No one with any sense will buy it. It's proof an opportunistic FUCKWIT had his hands on it, therefore NOTHING ABOUT IT can any longer be trusted. All we do is JOKE about it! Examples are all OVER PM.

There might be rust, steel wool and glue, chicken-wire & Bondo, Devcon plastic, soft-solder, or even ignorant Plaster-of-Paris under that paint.

You want to be tarred with the same brush - spray-painted with the same rattle-can - as an opportunistic Fuckwit?

Don't bother masking, and you are a member of that tribe, automagically, no effort required.

The pride of doing even SIMPLE shit correctly? That requires at least a smidgen of actual EFFORT.

Your life. Your parts. YOUR choice which tribe to join. Craftsman. Or fuckwit.

Can't be helped. Just Deal With That.

Capiche?
 
Last edited:
MODERATOR PLEASE DELETE THREAD:

REQUEST IS FOR A MODERATOR TO DELETE THIS THREAD COMPLETELY. I DO APPRECIATE THOSE THAT HAD A HEPFULL REPLY - I'll stop at this point.

Best eyes,

PAUL
 
MODERATOR PLEASE DELETE THREAD:

REQUEST IS FOR A MODERATOR TO DELETE THIS THREAD COMPLETELY. I DO APPRECIATE THOSE THAT HAD A HEPFULL REPLY - I'll stop at this point.

Best eyes,

PAUL

You have had a face full and now want to pull back the shades?
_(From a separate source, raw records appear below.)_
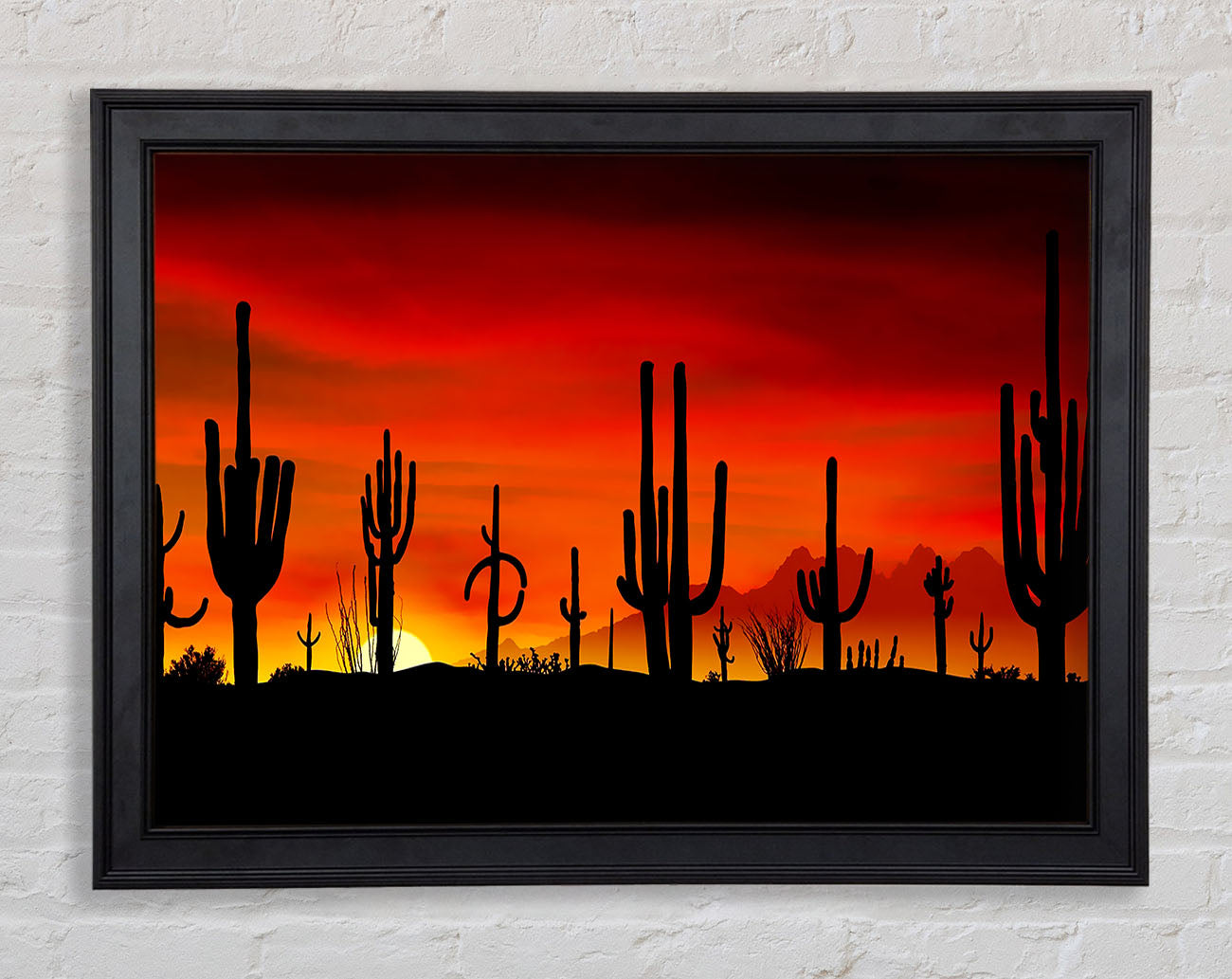Cactus Sunset Beauty Framed Print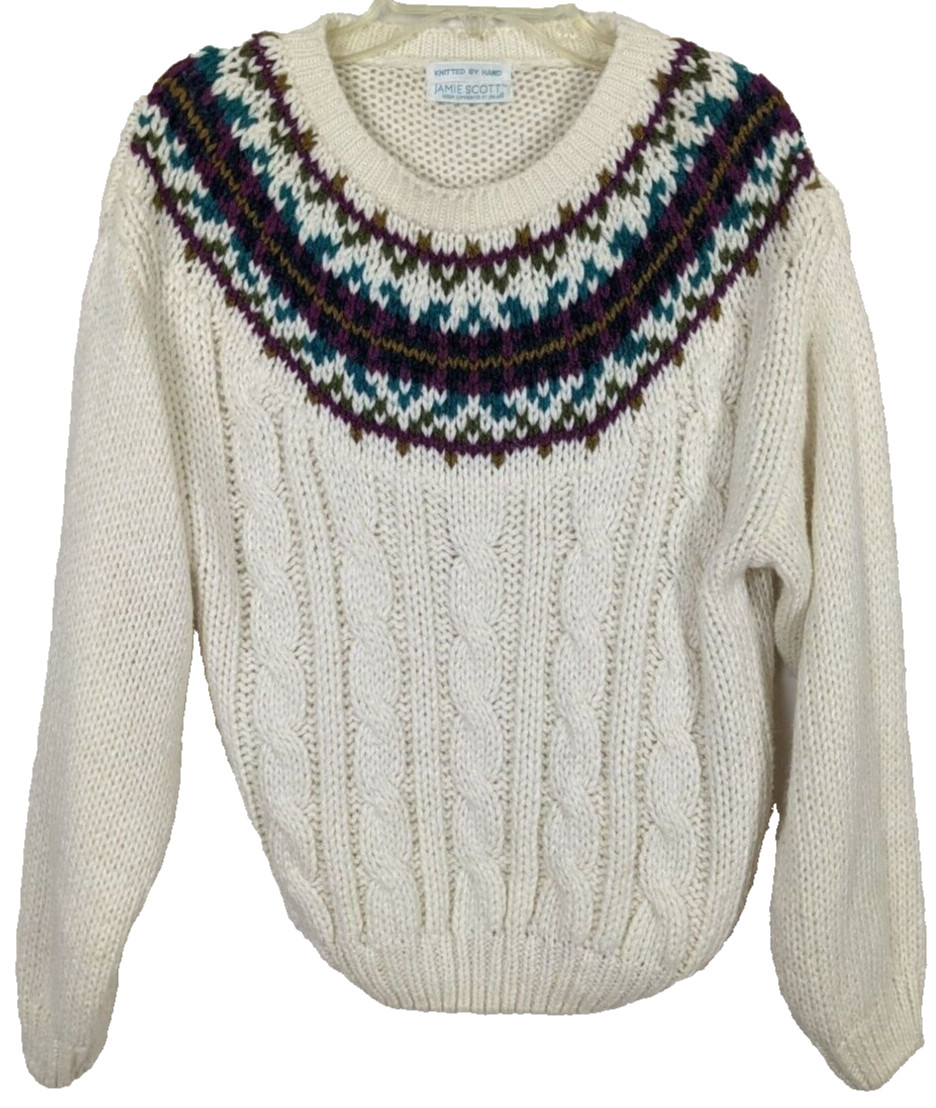 Vintage Jamie Scott knitted by hand women sweater S/M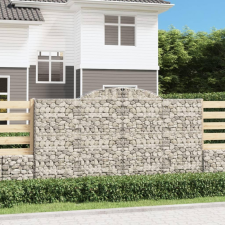  2 db íves horganyzott vas gabion kosár 300x50x160/180 cm kerti tárolás
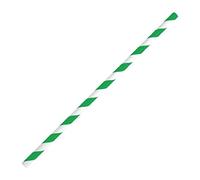 Fiesta Compostable Bendy Paper Straw Green Stripe - 210mm 6mm (Pack 250)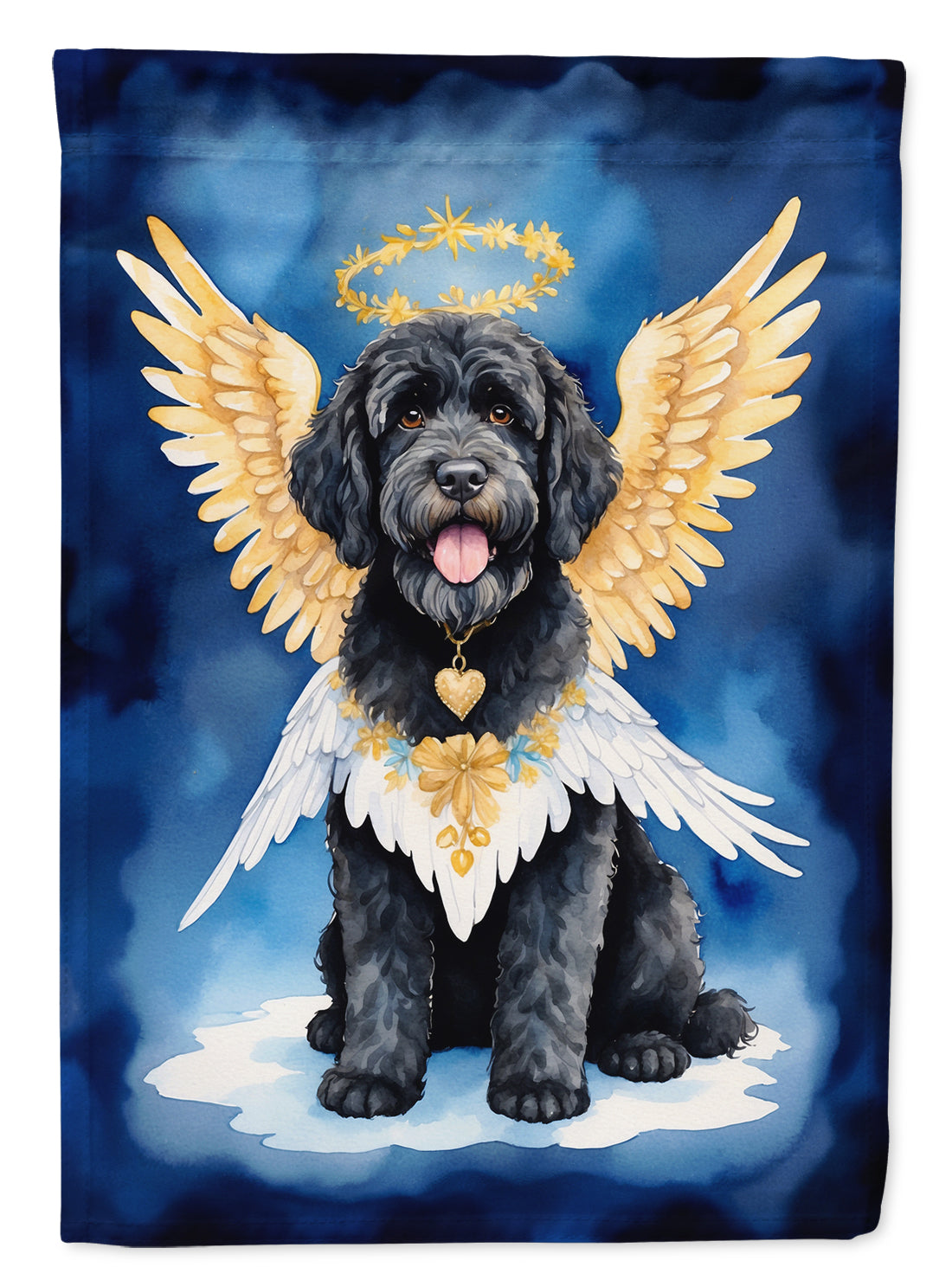 Portuguese Water Dog My Angel Garden Flag Mailbox Decorative Yard Banner Outside Patio Artwork for Flower Beds, Garden Size, Multicolor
Weak!

Paint is Not a useful interface material between precision components.
 
Its ok to paint if you use precision paint on those precision surfaces, any machine dealer should have it in spray cans or gallon buckets.
 
Heh.

This is like the time they painted the Moore jig borer at work. Including all the way surfaces.

Never saw a modelmaker curse like that before.
 
Not to hijack the thread (which I guess doesn't matter at this point anyway) but what about bolting painted machine parts on areas that aren't high precision? Do they tend to be impossible to disassemble if they are bolted together with a lot of force?
 
Not to hijack the thread (which I guess doesn't matter at this point anyway) but what about bolting painted machine parts on areas that aren't high precision? Do they tend to be impossible to disassemble if they are bolted together with a lot of force?

World is full of "non precision" stuff done that way. Some asembled still gummy, some bone-dry. Paint "skins" linseed-oil era were intentionally used as sealants, pre-loctite days.

Surely you've seen it where some of the paint sticks to one surface, some to the other?

Raggedy appearance, but no significant adhesive effect - not on "flats".

Tubes or shafts or posts in hole, yah, PITA maybe. Even so, better than RUST, (it expands..) same joint

Force usually shears right in the paint line. Weakest component, usually.

Plastics? Roll yer dice... Paints ARE a form of plastics, mostly. Not impossible to have one that polymerizes AKA "cross links" to stronger than the plastic it was applied to.